Data: 23/11/2025 à 28/11/2025
Local: Vitória - ES
ISSN: 2318-0358
Mais informações: https://eventos.abrhidro.org.br/xxvisbrh
CLIMATE AND CATCHMENT SIGNATURES OF THE BRAZILIAN STREAMFLOW REGIME
Código
XXVI-SBRH1114
Autores
Abderraman Róger Amorim Brandão, Admin Husic, Andre Almagro, Dimaghi Schwamback, Paulo Tarso Sanches de Oliveira
Tema
F - Processos Hidrológicos e Monitoramento Integrado de Recursos Hídricos
Resumo
South America holds immense freshwater reserves, yet the controls on streamflow in its tropical basins remain poorly resolved. We applied explainable artificial intelligence to disentangle how climate and catchment attributes govern three discharge (Q5, Qmean and Q95) across 735 Brazilian watersheds. Random-Forest ensembles trained with sixteen key predictors explained over seventy percent of variance for most metrics.
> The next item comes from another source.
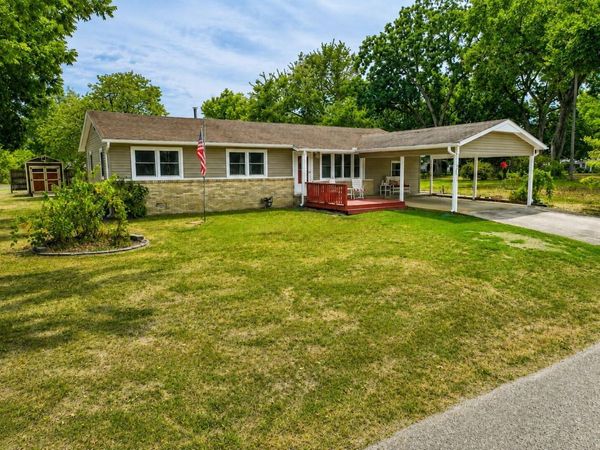 201 W 1st Street , Pineville, MO 64856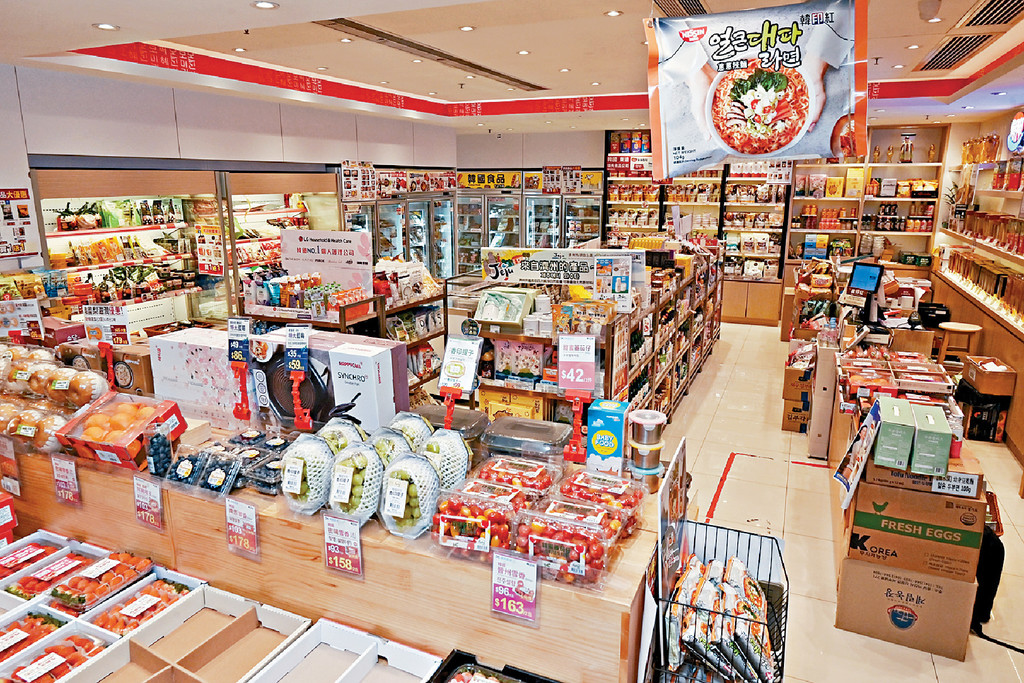 ■零售店的韓國農產品多元化，早前更增售韓國廚具家品，迎合不同年齡層的客人需要。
SHapley Additive exPlanations highlighted the aridity index (PET/P) as the dominant national driver, with streamflows declining sharply once values exceed 1.30. Regional patterns underscored heterogeneity: in central Brazil, land-cover change and topography most strongly reduced low flows; in the Caatinga and Pantanal, wetter seasons and low aridity magnified floods; while in the Pampa, high silt combined with increasing aridity produced the largest extremes. Amazon and Cerrado basins showed that intact soils and geology temper extreme discharges, whereas aridification offsets this buffering. Nationwide, climate drives average conditions, but catchment properties modulate extremes, demonstrating the necessity of considering both when forecasting hydrological responses to change. The study illustrates how data-driven models coupled with XAI can reveal causal mechanisms, critical breakpoints and spatial variability that traditional correlations overlook, offering a transferable framework for tropical regions.